Ama belkide bize bilet verip onlara az söylüyorlarsa. Görücez bakalım nasıl çıkacak sayım sonucu.

Çöp tenekesini tangırtadatarak fırlayan kedi ile senkronize olduğu yerde sıçradı. Aklımı çıkardın, zaten bi damla aklım kaldı. Islak kedi oralı olmadan hızla uzaklaştı.

Hay Allah! halime bak, sakinleşmem lazım böyle içeri giremem.

Çantasından kolonyasını çıkardı ellerine bolca döktü, keskin limon kokusunu genzine kadar çekti.

Ya ben doğru sayamazsam? Bu kez vebali bana kalacak. Bana hemen sonuçları tuttumu söylerler mi?

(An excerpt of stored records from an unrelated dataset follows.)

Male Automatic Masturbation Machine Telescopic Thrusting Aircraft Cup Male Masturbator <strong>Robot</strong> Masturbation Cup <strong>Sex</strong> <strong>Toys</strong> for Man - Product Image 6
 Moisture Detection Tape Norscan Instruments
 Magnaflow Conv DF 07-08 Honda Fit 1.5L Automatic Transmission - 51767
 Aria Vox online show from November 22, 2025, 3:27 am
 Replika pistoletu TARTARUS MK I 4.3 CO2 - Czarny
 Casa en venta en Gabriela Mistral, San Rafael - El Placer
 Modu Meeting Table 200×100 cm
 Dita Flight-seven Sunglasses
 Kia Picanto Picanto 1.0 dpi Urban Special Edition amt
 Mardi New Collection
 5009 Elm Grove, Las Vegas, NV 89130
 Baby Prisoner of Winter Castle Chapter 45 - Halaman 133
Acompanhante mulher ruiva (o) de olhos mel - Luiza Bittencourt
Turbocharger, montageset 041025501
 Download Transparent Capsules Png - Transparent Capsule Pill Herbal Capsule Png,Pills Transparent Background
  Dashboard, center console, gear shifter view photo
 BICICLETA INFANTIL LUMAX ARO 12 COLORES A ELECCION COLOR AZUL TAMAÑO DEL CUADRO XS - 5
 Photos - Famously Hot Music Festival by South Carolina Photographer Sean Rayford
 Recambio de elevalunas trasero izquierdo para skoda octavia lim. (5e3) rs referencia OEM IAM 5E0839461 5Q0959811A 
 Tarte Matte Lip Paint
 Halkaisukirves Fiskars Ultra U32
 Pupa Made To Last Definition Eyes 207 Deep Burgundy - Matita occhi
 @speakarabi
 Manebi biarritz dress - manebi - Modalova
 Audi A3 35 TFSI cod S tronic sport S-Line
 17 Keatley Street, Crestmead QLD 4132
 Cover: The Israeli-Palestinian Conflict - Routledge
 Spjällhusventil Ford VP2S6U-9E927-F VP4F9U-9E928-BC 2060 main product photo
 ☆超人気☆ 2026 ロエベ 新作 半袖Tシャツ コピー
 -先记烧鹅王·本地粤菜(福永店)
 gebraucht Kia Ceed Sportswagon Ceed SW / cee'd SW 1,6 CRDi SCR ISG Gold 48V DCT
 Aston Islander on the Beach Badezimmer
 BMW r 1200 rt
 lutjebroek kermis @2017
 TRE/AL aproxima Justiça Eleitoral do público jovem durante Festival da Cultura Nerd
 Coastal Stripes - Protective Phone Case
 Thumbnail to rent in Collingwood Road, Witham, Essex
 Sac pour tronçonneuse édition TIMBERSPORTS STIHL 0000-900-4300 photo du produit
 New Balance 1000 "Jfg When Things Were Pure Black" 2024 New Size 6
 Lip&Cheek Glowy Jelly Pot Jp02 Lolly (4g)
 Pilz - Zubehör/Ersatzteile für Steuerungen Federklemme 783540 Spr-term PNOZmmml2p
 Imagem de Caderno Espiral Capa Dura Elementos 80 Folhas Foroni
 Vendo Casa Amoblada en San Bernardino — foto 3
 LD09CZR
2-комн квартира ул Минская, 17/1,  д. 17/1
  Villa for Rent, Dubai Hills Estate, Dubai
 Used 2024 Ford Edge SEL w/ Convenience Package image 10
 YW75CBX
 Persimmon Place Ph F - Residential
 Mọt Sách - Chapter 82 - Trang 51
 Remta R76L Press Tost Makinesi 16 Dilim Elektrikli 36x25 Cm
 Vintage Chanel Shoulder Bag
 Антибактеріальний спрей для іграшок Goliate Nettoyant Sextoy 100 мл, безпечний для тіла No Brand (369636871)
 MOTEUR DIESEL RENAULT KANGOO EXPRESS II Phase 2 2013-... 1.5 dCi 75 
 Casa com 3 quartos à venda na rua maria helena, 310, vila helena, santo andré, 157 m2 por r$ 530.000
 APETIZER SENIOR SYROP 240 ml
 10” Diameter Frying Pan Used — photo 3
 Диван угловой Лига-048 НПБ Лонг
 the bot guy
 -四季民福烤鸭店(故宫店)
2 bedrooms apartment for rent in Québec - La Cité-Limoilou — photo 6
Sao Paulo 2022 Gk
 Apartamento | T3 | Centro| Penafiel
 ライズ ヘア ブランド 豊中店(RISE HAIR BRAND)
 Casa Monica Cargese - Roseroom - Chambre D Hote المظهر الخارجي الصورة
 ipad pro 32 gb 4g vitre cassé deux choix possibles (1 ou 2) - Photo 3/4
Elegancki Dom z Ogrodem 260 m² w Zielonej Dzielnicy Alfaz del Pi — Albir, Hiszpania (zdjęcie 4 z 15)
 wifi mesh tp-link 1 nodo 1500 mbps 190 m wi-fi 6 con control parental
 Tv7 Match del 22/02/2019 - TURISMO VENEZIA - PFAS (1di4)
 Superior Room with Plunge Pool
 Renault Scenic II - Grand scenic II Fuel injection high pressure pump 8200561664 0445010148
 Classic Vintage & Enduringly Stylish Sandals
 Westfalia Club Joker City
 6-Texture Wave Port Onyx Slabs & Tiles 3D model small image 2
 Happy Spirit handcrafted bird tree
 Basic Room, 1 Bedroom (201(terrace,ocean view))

Yok söylemezler, tekrar iş verirlerse anlarım iyi yapıp yapmadığımı.

Başını apartmanların boşluğundan gökyüzüne kaldırdı. Hızla uçuşan bulutlara bakmak sankinleşmesine faydalı oldu.

Aynı seansı sayan başka biri daha var mıdır? Ben olsam koyardım.

O ne be, gardiyanın gardiyanı gibi. Ne kazanıyorlar da bir sürü sayım elemanı tutsunlar.

Telefonundan bakarak eşarbın altından çıkan saçlarını güzelce içeriye soktu. Gözlüğünü taktı, şüphelendiği kocasını takibe çıkan film karakterleri gibi göründüğünü fark etti, ilk defa gülümsedi.

İnşallah tamamen dolu olur salon. Filmin sonuna kalır tüm koltuk sayısını söyleyi veririm.

Yada boşlukları sayar, tüm koltuk sayısından düşerim. Ne olursa olsun, ben en son çıkmalıyım.

Tamam yaparım ben bu işi.

En arka koltuğu almasa mıydım ki? Yanımda öpüşen -koklaşan olursa, sapık gibi kafamı sağa sola nasıl çeviririm. Tüh yanlış yaptım.

Dilek hanım otele, benzin istasyonuna, lüks markaların mağazalarına da göndereceğiz dedi ama kalpten gidersem oralara varamayacağım.

Zamanla alışır mıyım ki rol yapmaya. Bedavasından bir hafta tatil hiç fena olmazdı hani.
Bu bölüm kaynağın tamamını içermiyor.